AVAILABLE DATA —
- - - - - - -

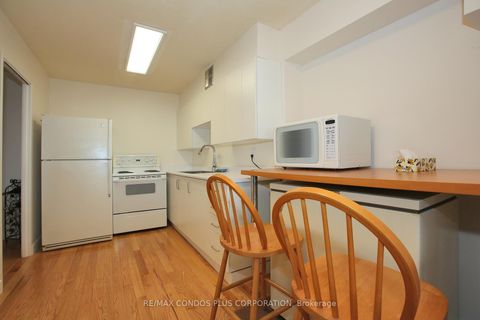 Photo 9 at 1605 - 260 Scarlett Road, Smythe, Toronto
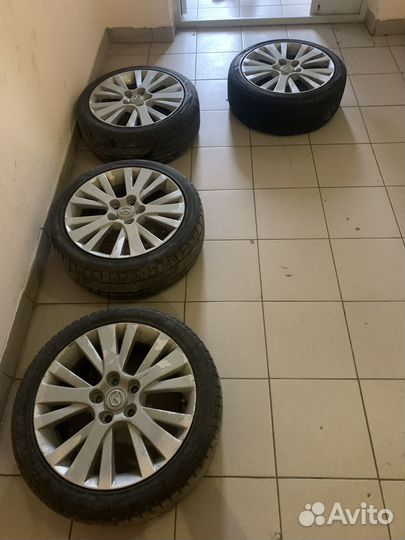 Bridgestone TRR 215/45 R17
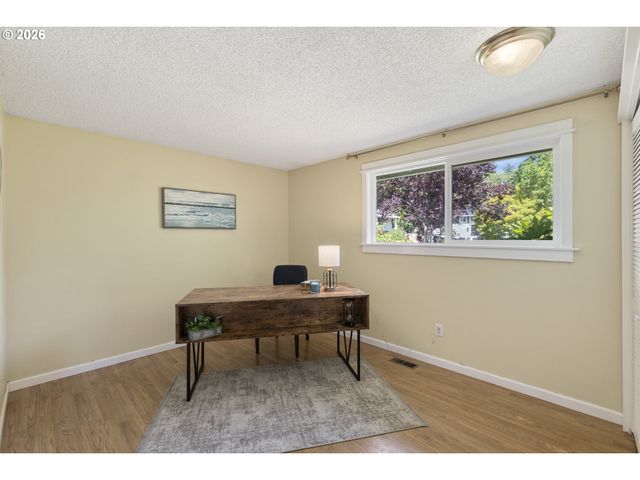8820 Sw NISQUALLY Ct, Tualatin, OR 97062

- - - - - - -

HOW TO COMPLETE THIS TASK — From the line containing "Bridgestone TRR 215/45 R17" down to the final line of the material above, reproduce each line exactly and include no images.

RESPONSE AREA —
 Bridgestone TRR 215/45 R17
8820 Sw NISQUALLY Ct, Tualatin, OR 97062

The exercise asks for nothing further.